Material and Methods
For part one, five cases with EACSCC who previously underwent 2DRT for NPC (prescribed dose >60 Gy) were retrospectively reviewed using planning images to estimate the radiation doses to the EACs. The mean and maximum dose to the EACs were compared between the affected and unaffected sides. In part two, twenty IMRT/VMAT and nineteen 2DRT plans treated between 1988-2020 were randomly extracted from a tertiary hospital for estimating the dose to the EACs. Similar to part one, the dose range (difference between the maximum and minimum dose points within the EAC), mean and maximum dose to the EACs between the two techniques were compared.
Results
For the NPC survivors with EACSCC treated with 2DRT, there were no statistical differences in the mean and maximum doses of EACs between the affected and unaffected sides (Table 1).
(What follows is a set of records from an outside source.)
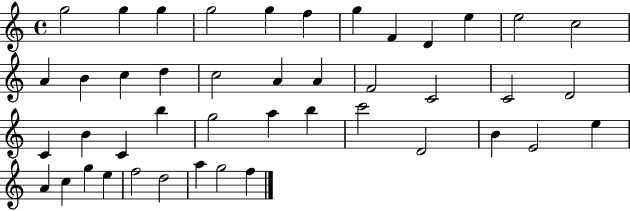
{
  \clef treble
  \time 4/4
  \defaultTimeSignature
  \key c \major
  g''2 g''4 g''4 | g''2 g''4 f''4 | g''4 f'4 d'4 e''4 | e''2 c''2 | \break a'4 b'4 c''4 d''4 | c''2 a'4 a'4 | f'2 c'2 | c'2 d'2 | \break c'4 b'4 c'4 b''4 | g''2 a''4 b''4 | c'''2 d'2 | b'4 e'2 e''4 | \break a'4 c''4 g''4 e''4 | f''2 d''2 | a''4 g''2 f''4 | \bar "|."
}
Comparing between 2DRT and IMRT/VMAT techniques, the mean dose to the EACs using IMRT/VMAT (32.94Gy) was drastically lower than using 2DRT (62.79Gy), which would minimise acute ototoxicity. The dose range in the EAC region using IMRT/VMAT (64.57Gy) was significantly larger than 2DRT (13.53Gy) (p< .001), indicating that the EAC immersed in a relatively lower and more heterogeneous radiation bath, compared with 2DRT (Table 2). This may paradoxically increase the risk of developing second primary cancers from mutagenesis. Such a pattern has been observed in NPC survivors receiving IMRT, with an increase in thyroid cancer risk that was not present in 2DRT cases.
Conclusion
The NPC survivors with second primary EACSCC exposed to an equally high radiation dose to both EACs in previous 2DRT. With IMRT/VMAT, the mean dose to the EACs could be reduced by half, but the wider dose range implied an exposure of a low and heterogeneous dose to the EACs. Further study to evaluate the dominating factors that increase the risk of second cancer after IMRT/VMAT is warranted when sufficient follow-up is available.